A Chippewa Street bar that has been deemed a “public menace” and a “detriment” to the popular entertainment district has been evicted from its Delaware Avenue home after a new landlord terminated its lease for nonpayment.
Therese Hickok, spokeswoman for Uniland Development Co., said the Amherst-based real estate company abruptly canceled the lease for Big Bad Wolf at 252 Delaware Ave. The bar had been identified as a source of trouble by police and other city leaders.
Most recently, two people were fatally shot in separate incidents Aug. 19 and Oct. 13 near or in the rear parking lot of the bar.
“It was terminated because they were in default, and they no longer have the right to occupy the property,” Hickok said. She declined to elaborate or to comment on whether the decision was related to the bar’s legal troubles. Uniland acquired the building, known as the Delaware Court Building, in September.
Police reacted favorably to news of the eviction. “We have had issues with that property, and hopefully in the future it won’t be repeated,” Police Commissioner Daniel Derenda said Wednesday.
However, Kirk Kubiak, the bar’s owner, challenged both Uniland’s right to evict the business and the allegations against his business.
He said he found out about the eviction at about 4 a.m. Wednesday when he went to the club and found the locks had been changed.
He said Uniland had failed to follow proper legal procedures, including notifying him of the default and their planned eviction and then seeking a court order.
“They didn’t serve us papers, they didn’t take us to court. They just locked the doors,” he said, adding that his offer to pay the back rent now was rejected. “They claim that they notified us, but they never did. It seems like everyone is trying to get us shut down.”
Before the shootings, the bar had been cited and temporarily closed in June for allowing two underage girls inside. The business opened last November.
Central District Police Chief Brian K. Patterson has said the bar requires “a disproportionate amount of police protection” to break up weekly fights both inside and outside.
But Kubiak denied that. “They make it sound like we have fights every night, which we don’t. They’re making up a whole bunch of lies,” he said. “Besides the shooting, we haven’t had an incident in a month or two months.”
He also accused the police of “harassing us nonstop” by stationing officers and cars outside. He said the first shooting victim had actually left Big Bad Wolf, gone to another bar and a pizza place, and then around the corner, and was shot a block away from his club. He said he has tried to cooperate with the authorities, providing police with “full access to my employees” and the bar’s video, as well as the names of people in the club.
Kubiak also complained that Patterson allowed his police-issued permit to expire late last Friday after Kubiak’s check to the police bounced and that police then drove up and abruptly shut down the bar in the middle of a happy hour party for real estate agents. A city hearing on the matter will be held at 10 a.m. today.

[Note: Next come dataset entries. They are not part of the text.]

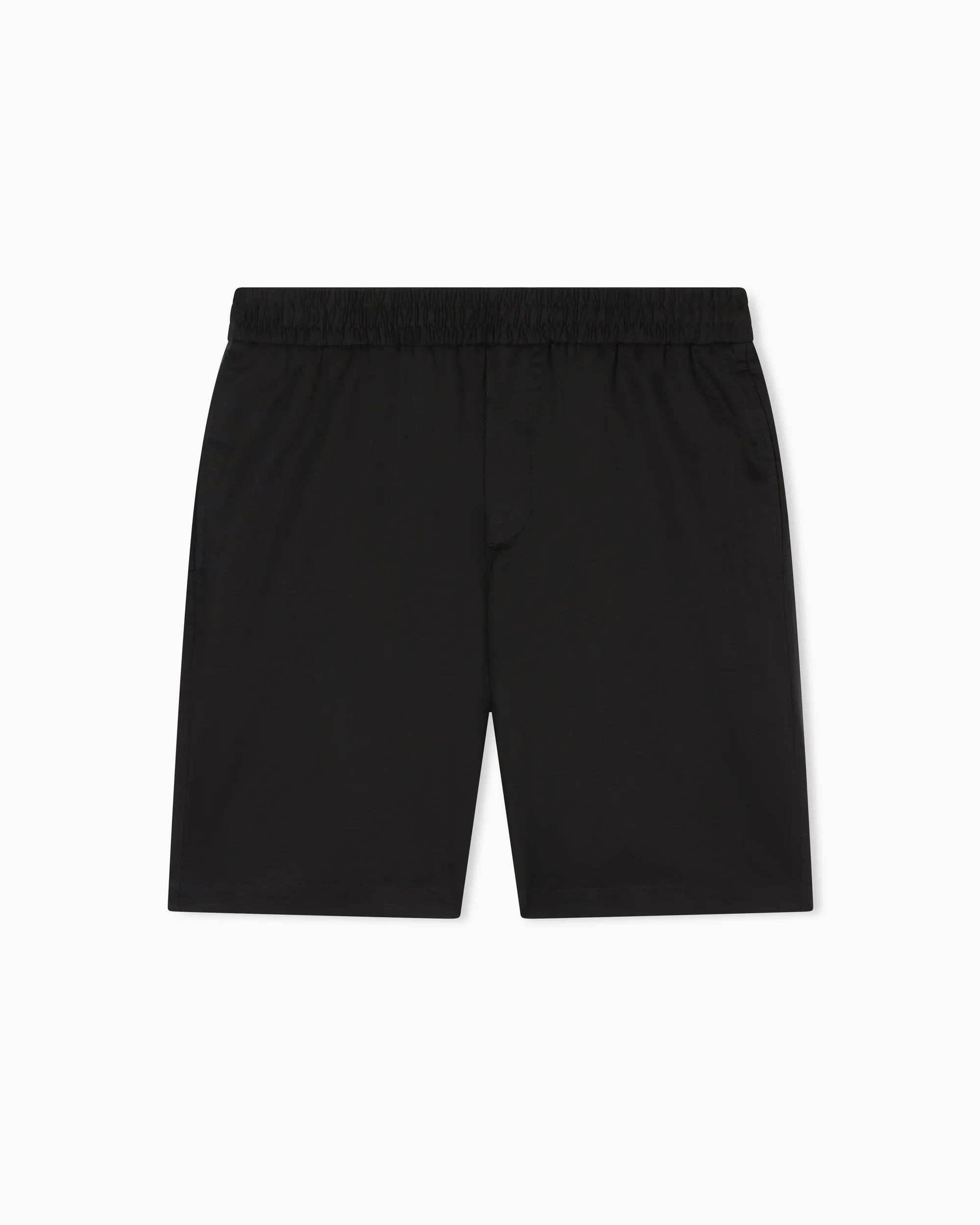 Armani Exchange B'Bermuda Oxford' Black Xm002299Af22715 174834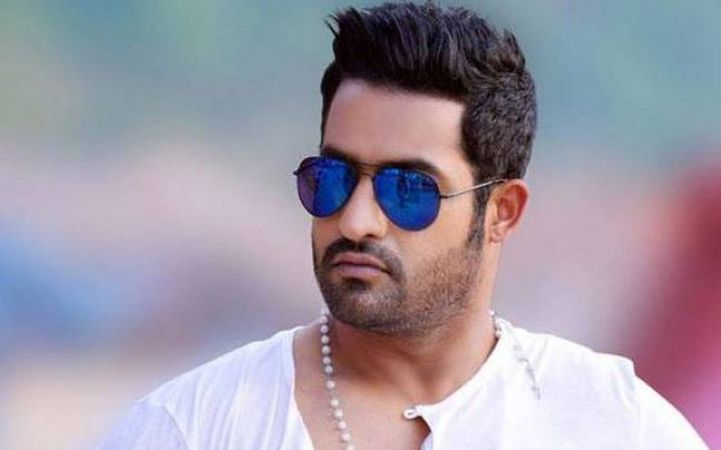 Jr NTR will be seen playing this role in SS Rajamouli's RRR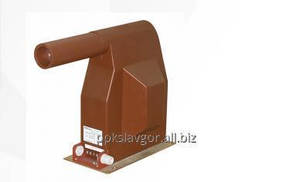 Сухі трансформатори напруги ВНУТренНЕЙ ВСТАНОВКИ VTS 38P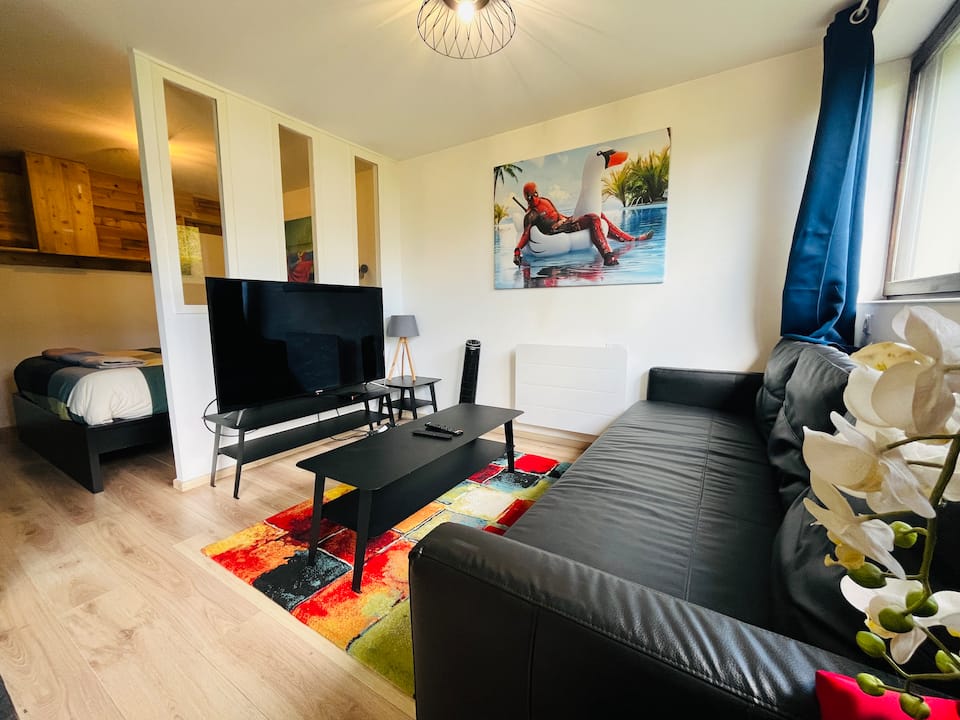 Héroïque Loft — photo 2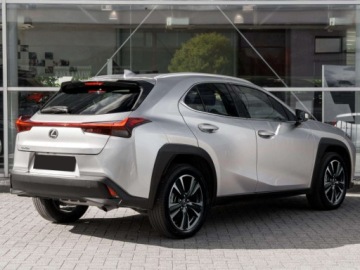 Lexus UX Crossover Facelifting 2.0 300h 199KM 2025 300h Business 2.0 199KM | System Martwego Pola, zdjęcie 3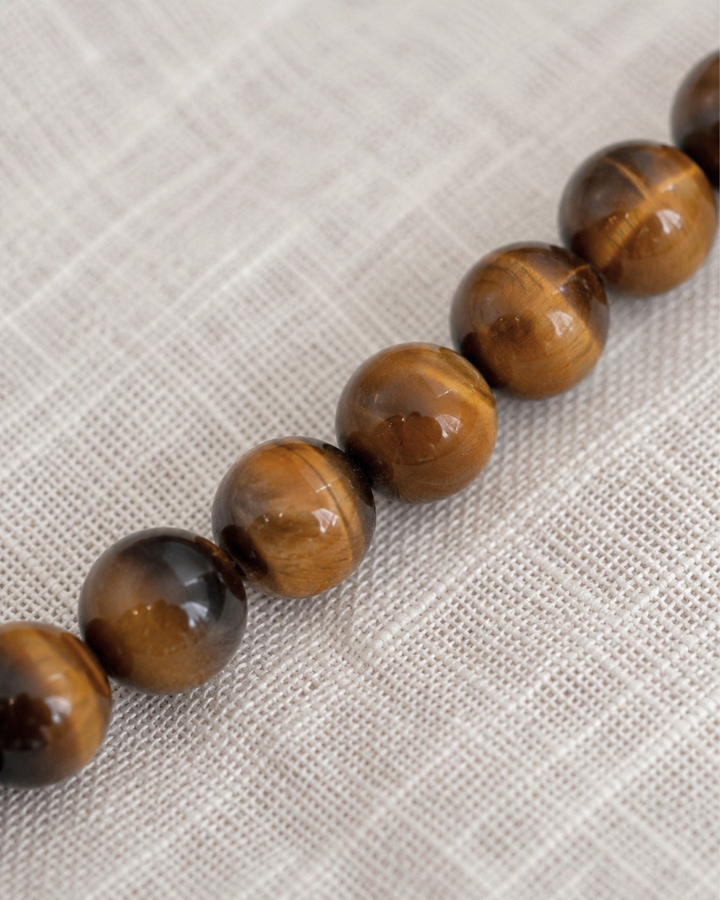 Tiger Eye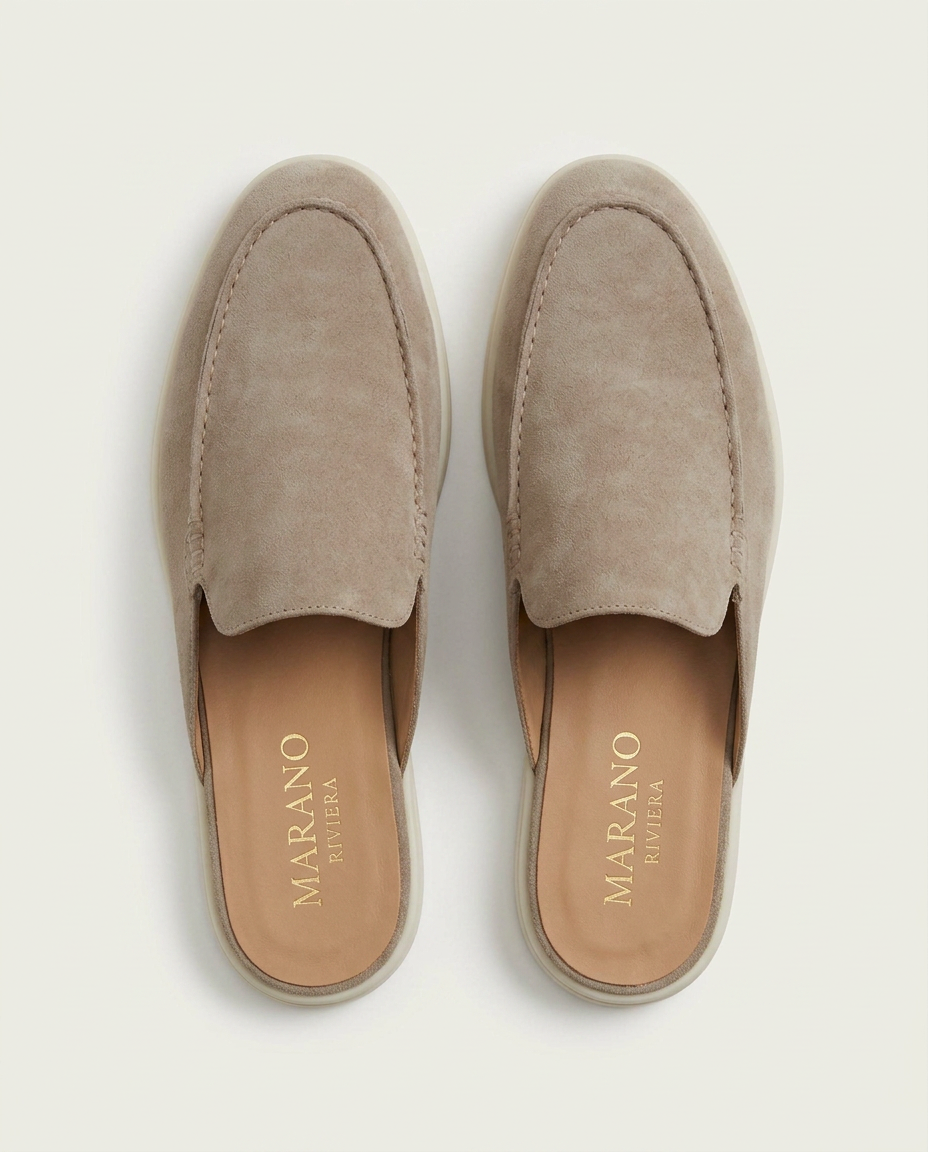 Riviera Mule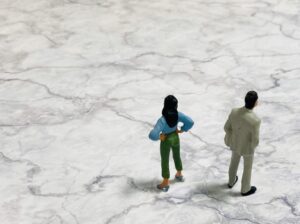 婚約相手に非があるために婚約を取り消すケース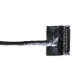 Шлейф матрицы для ноутбука HP Pavilion G7-2000 G7-2100 G7-2200 G7-2300 G7-2410 G7-2430 G7-2450 G7z-2100 40pin LED Cam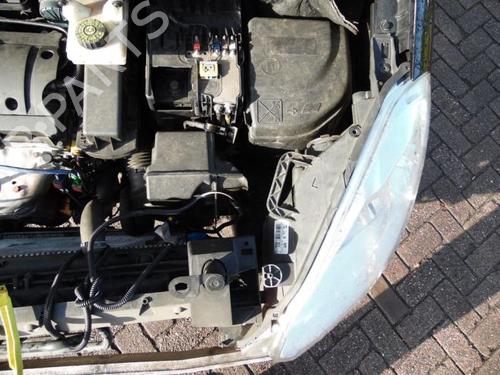 Interior handle CITROËN BERLINGO Box Body/MPV (B9) 1.6 | BP40571481I7 - Image 6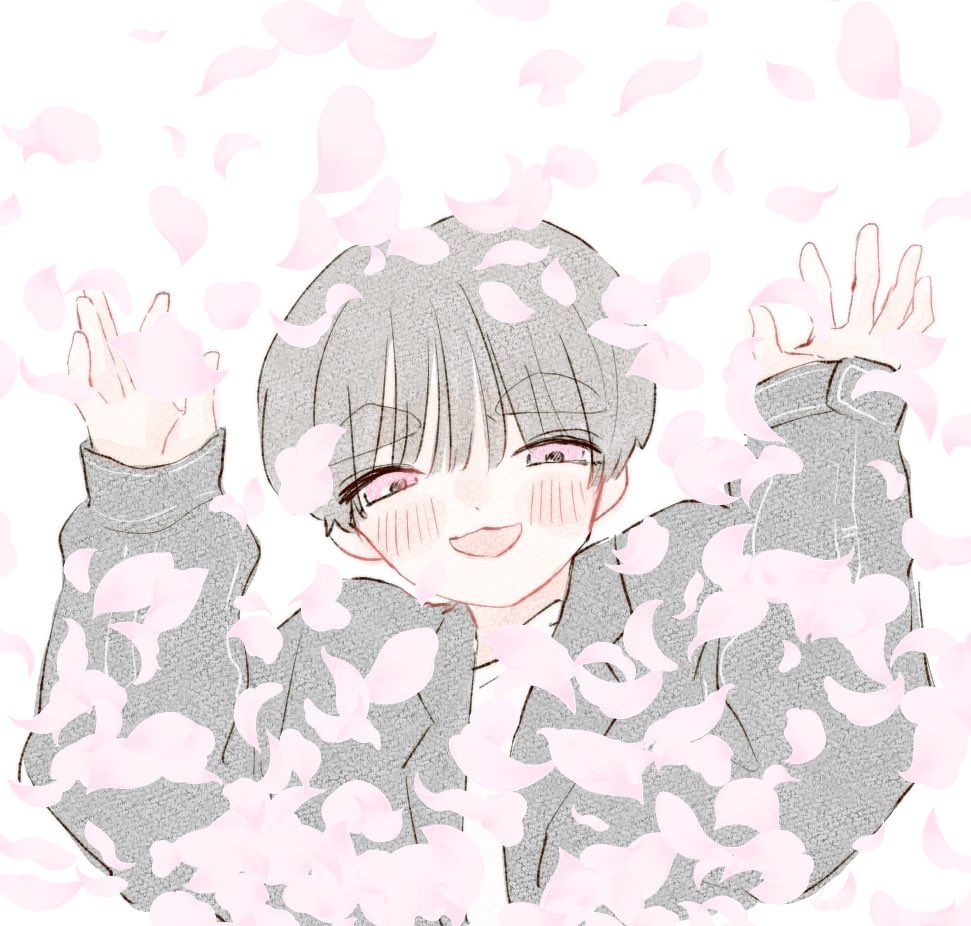 ❕よしだ tweet media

Meanwhile, family members of the second victim, Roderick Peoples, have offered a $500 reward for any information in helping find the individual or individuals responsible for the killing. Anyone with information is asked to call or text the department’s confidential TIP-CALL line at 847-2255 or submit information via the “Report a Tip” function on the department’s website, www.bpdny.org.
Speaking at the monthly Buffalo Place board meeting Wednesday, Patterson said the biggest issue for police downtown right now is “rooting out bad clubs” in the Chippewa district. There are about 20 clubs in the area, but three of them account for 80 to 85 percent of the trouble.
“They want to make a fast buck, rent space [for parties] to the highest bidder and hope nothing happens,” he said, declining to identify them.
Patterson said police are seeing “less violence in clubs and more order outside clubs” without the “commingling” that used to occur when underage patrons were allowed into bars. New city regulations have essentially stopped the practice, although the Rev. Darius Pridgen, a Common Council member who represents the area, said he understands several clubs are seeking to challenge the city’s new rule.
“It has to stay this way. We’ve seen a change in behavior in downtown,” Pridgen said. “If we can just get the bad actors out, we’ll see improvement.”